- _THE PROBLEM_
The line containing "City Camouflage - Kids Military T-Shirt" marks the end: quote every line from the start of the records below through it, word for word.

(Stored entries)
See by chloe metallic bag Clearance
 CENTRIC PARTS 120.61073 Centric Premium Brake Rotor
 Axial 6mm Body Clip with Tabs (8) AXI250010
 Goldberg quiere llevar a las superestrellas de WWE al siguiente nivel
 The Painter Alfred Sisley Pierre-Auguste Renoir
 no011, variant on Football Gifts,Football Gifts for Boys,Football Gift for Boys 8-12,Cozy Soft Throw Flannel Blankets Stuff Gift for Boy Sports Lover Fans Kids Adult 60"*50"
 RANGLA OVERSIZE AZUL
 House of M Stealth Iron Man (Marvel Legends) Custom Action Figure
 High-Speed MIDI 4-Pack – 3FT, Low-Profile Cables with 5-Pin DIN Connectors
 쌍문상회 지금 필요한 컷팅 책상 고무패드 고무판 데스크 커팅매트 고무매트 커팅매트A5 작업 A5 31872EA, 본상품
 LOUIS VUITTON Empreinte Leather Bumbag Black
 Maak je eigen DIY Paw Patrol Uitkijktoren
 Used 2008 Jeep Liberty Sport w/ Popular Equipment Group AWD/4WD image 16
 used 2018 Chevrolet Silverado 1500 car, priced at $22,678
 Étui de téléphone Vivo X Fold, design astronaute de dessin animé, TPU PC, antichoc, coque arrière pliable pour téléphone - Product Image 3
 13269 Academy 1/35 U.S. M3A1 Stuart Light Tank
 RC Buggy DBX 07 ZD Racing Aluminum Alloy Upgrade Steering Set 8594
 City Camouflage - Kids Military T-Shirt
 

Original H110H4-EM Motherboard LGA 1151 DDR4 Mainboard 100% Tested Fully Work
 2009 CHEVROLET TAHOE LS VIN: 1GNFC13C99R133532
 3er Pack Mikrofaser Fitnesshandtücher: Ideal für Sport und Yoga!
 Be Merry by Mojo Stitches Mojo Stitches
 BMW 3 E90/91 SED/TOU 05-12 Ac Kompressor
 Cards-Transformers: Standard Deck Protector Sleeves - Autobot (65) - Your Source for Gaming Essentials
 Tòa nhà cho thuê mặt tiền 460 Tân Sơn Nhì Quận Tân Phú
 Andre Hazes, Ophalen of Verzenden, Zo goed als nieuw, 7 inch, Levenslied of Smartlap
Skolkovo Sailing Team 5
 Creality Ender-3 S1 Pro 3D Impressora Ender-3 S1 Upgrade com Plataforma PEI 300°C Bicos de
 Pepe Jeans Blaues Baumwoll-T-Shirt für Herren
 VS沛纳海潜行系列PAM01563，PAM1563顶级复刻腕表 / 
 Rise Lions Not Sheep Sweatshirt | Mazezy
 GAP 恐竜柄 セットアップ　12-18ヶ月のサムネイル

- _SOLUTION FOR THIS EXERCISE_
See by chloe metallic bag Clearance
 CENTRIC PARTS 120.61073 Centric Premium Brake Rotor
 Axial 6mm Body Clip with Tabs (8) AXI250010
 Goldberg quiere llevar a las superestrellas de WWE al siguiente nivel
 The Painter Alfred Sisley Pierre-Auguste Renoir
 no011, variant on Football Gifts,Football Gifts for Boys,Football Gift for Boys 8-12,Cozy Soft Throw Flannel Blankets Stuff Gift for Boy Sports Lover Fans Kids Adult 60"*50"
 RANGLA OVERSIZE AZUL
 House of M Stealth Iron Man (Marvel Legends) Custom Action Figure
 High-Speed MIDI 4-Pack – 3FT, Low-Profile Cables with 5-Pin DIN Connectors
 쌍문상회 지금 필요한 컷팅 책상 고무패드 고무판 데스크 커팅매트 고무매트 커팅매트A5 작업 A5 31872EA, 본상품
 LOUIS VUITTON Empreinte Leather Bumbag Black
 Maak je eigen DIY Paw Patrol Uitkijktoren
 Used 2008 Jeep Liberty Sport w/ Popular Equipment Group AWD/4WD image 16
 used 2018 Chevrolet Silverado 1500 car, priced at $22,678
 Étui de téléphone Vivo X Fold, design astronaute de dessin animé, TPU PC, antichoc, coque arrière pliable pour téléphone - Product Image 3
 13269 Academy 1/35 U.S. M3A1 Stuart Light Tank
 RC Buggy DBX 07 ZD Racing Aluminum Alloy Upgrade Steering Set 8594
 City Camouflage - Kids Military T-Shirt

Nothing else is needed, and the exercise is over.